=== Section Start ===
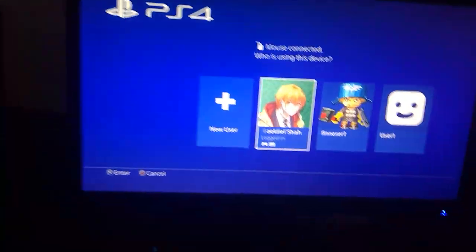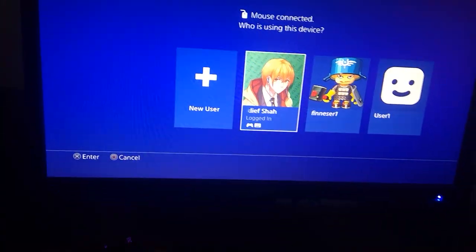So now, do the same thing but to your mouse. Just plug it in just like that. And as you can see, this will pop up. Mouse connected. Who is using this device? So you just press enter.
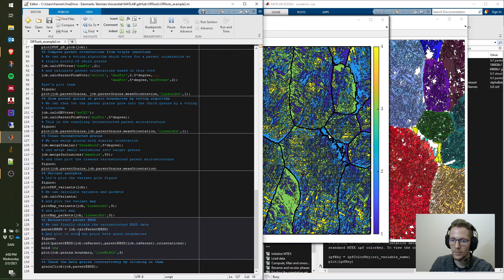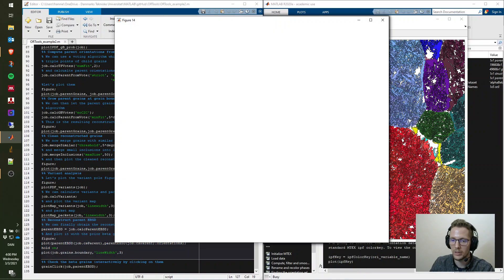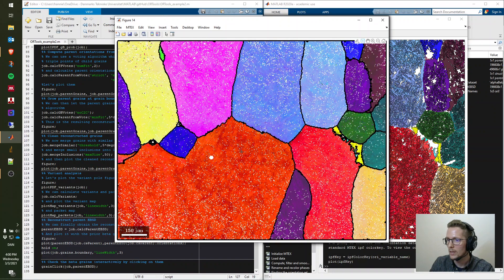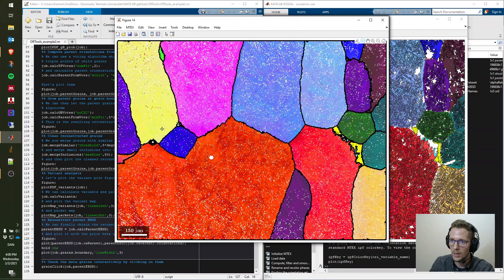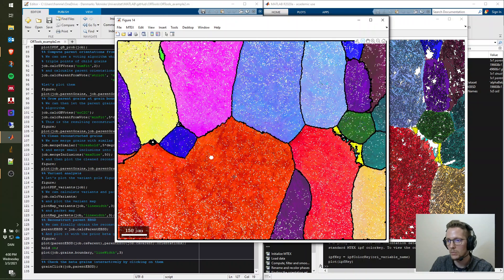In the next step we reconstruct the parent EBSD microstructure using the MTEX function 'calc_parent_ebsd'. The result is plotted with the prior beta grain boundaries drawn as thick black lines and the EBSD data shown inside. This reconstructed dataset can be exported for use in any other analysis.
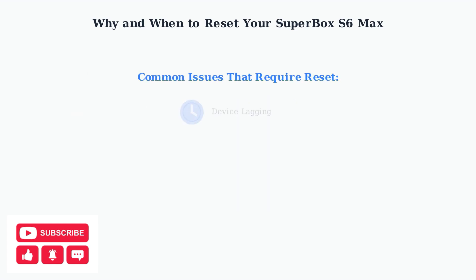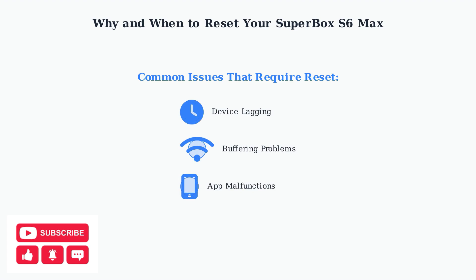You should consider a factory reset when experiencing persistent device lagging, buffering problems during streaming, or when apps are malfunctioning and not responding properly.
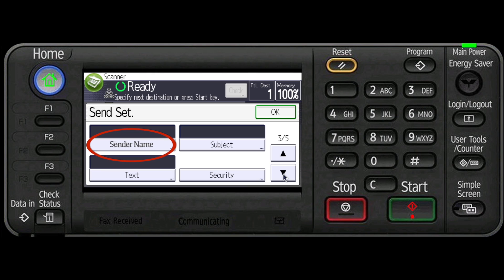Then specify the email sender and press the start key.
=== Section End ===
- [PROMPT]: Each line from the line containing "In the next" through the last line above must be written out exactly, and every picture must be omitted.

- [TASK OUTPUT]:
In the next step we reconstruct the parent EBSD microstructure using the MTEX function 'calc_parent_ebsd'. The result is plotted with the prior beta grain boundaries drawn as thick black lines and the EBSD data shown inside. This reconstructed dataset can be exported for use in any other analysis.
You should consider a factory reset when experiencing persistent device lagging, buffering problems during streaming, or when apps are malfunctioning and not responding properly.
Then specify the email sender and press the start key.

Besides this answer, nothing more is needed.